* _ABOUT THIS TASK_
Lines to return, exactly: from the line with "Luxury Leather Phone" to the line with "light blue american eagle jeans" in the entries below, both included.

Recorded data
+++++
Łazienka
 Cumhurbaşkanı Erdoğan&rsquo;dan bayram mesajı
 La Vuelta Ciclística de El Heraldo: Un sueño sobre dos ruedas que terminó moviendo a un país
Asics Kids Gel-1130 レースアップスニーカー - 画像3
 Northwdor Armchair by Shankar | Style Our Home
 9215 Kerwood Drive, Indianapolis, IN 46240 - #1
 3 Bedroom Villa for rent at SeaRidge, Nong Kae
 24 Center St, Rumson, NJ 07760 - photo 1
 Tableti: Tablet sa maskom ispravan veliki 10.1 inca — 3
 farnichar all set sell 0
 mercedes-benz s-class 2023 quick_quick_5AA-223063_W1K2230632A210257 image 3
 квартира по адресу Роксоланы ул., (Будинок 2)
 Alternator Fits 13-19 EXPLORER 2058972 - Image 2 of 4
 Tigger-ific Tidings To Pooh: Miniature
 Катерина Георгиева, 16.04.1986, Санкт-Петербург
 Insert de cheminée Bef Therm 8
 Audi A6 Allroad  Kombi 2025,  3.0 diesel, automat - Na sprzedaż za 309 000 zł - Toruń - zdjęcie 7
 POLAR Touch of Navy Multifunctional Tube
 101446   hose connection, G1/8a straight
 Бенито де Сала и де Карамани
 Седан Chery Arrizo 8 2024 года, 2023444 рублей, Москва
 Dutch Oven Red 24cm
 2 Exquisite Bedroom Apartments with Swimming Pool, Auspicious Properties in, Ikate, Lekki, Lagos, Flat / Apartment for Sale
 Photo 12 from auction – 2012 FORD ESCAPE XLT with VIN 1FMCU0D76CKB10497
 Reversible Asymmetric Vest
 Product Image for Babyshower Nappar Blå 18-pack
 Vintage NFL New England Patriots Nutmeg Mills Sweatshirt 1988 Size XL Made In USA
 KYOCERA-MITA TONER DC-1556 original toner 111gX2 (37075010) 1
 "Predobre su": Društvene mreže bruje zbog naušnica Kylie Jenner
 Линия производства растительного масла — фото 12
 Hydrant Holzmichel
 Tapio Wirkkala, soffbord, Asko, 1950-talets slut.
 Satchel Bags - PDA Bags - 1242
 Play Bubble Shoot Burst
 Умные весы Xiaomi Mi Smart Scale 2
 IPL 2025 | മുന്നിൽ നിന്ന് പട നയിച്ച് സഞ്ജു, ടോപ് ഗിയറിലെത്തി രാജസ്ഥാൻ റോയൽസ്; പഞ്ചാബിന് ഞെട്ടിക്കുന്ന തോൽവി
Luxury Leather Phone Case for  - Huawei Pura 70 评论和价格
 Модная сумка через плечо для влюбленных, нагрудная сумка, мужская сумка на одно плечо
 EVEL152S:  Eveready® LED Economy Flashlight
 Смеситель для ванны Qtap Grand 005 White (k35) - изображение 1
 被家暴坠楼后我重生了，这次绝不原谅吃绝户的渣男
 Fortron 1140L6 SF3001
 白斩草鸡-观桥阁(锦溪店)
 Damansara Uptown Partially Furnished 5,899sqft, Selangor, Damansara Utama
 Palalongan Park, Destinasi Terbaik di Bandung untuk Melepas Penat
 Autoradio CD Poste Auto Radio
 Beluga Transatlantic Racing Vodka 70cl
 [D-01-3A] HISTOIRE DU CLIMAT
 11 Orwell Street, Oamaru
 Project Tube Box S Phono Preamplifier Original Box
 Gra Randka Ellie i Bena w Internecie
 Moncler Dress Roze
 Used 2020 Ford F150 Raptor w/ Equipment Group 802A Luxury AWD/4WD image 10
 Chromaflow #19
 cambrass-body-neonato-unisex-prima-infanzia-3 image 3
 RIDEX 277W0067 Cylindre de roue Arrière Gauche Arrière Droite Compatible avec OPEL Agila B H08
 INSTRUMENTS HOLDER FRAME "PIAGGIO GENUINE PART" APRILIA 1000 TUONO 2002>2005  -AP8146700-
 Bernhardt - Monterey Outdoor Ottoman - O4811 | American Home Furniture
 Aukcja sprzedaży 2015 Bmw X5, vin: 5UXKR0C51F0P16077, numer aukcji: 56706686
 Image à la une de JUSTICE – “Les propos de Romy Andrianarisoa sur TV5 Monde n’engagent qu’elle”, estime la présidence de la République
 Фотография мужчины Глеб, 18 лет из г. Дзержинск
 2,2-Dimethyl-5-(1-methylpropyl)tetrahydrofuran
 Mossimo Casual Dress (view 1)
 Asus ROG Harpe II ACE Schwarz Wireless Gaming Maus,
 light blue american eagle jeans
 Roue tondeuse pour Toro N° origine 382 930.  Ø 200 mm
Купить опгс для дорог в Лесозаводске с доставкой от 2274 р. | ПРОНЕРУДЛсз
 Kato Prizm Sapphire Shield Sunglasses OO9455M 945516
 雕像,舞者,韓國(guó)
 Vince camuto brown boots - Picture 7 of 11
+++++
* _EXPECTED OUTPUT_
Luxury Leather Phone Case for  - Huawei Pura 70 评论和价格
 Модная сумка через плечо для влюбленных, нагрудная сумка, мужская сумка на одно плечо
 EVEL152S:  Eveready® LED Economy Flashlight
 Смеситель для ванны Qtap Grand 005 White (k35) - изображение 1
 被家暴坠楼后我重生了，这次绝不原谅吃绝户的渣男
 Fortron 1140L6 SF3001
 白斩草鸡-观桥阁(锦溪店)
 Damansara Uptown Partially Furnished 5,899sqft, Selangor, Damansara Utama
 Palalongan Park, Destinasi Terbaik di Bandung untuk Melepas Penat
 Autoradio CD Poste Auto Radio
 Beluga Transatlantic Racing Vodka 70cl
 [D-01-3A] HISTOIRE DU CLIMAT
 11 Orwell Street, Oamaru
 Project Tube Box S Phono Preamplifier Original Box
 Gra Randka Ellie i Bena w Internecie
 Moncler Dress Roze
 Used 2020 Ford F150 Raptor w/ Equipment Group 802A Luxury AWD/4WD image 10
 Chromaflow #19
 cambrass-body-neonato-unisex-prima-infanzia-3 image 3
 RIDEX 277W0067 Cylindre de roue Arrière Gauche Arrière Droite Compatible avec OPEL Agila B H08
 INSTRUMENTS HOLDER FRAME "PIAGGIO GENUINE PART" APRILIA 1000 TUONO 2002>2005  -AP8146700-
 Bernhardt - Monterey Outdoor Ottoman - O4811 | American Home Furniture
 Aukcja sprzedaży 2015 Bmw X5, vin: 5UXKR0C51F0P16077, numer aukcji: 56706686
 Image à la une de JUSTICE – “Les propos de Romy Andrianarisoa sur TV5 Monde n’engagent qu’elle”, estime la présidence de la République
 Фотография мужчины Глеб, 18 лет из г. Дзержинск
 2,2-Dimethyl-5-(1-methylpropyl)tetrahydrofuran
 Mossimo Casual Dress (view 1)
 Asus ROG Harpe II ACE Schwarz Wireless Gaming Maus,
 light blue american eagle jeans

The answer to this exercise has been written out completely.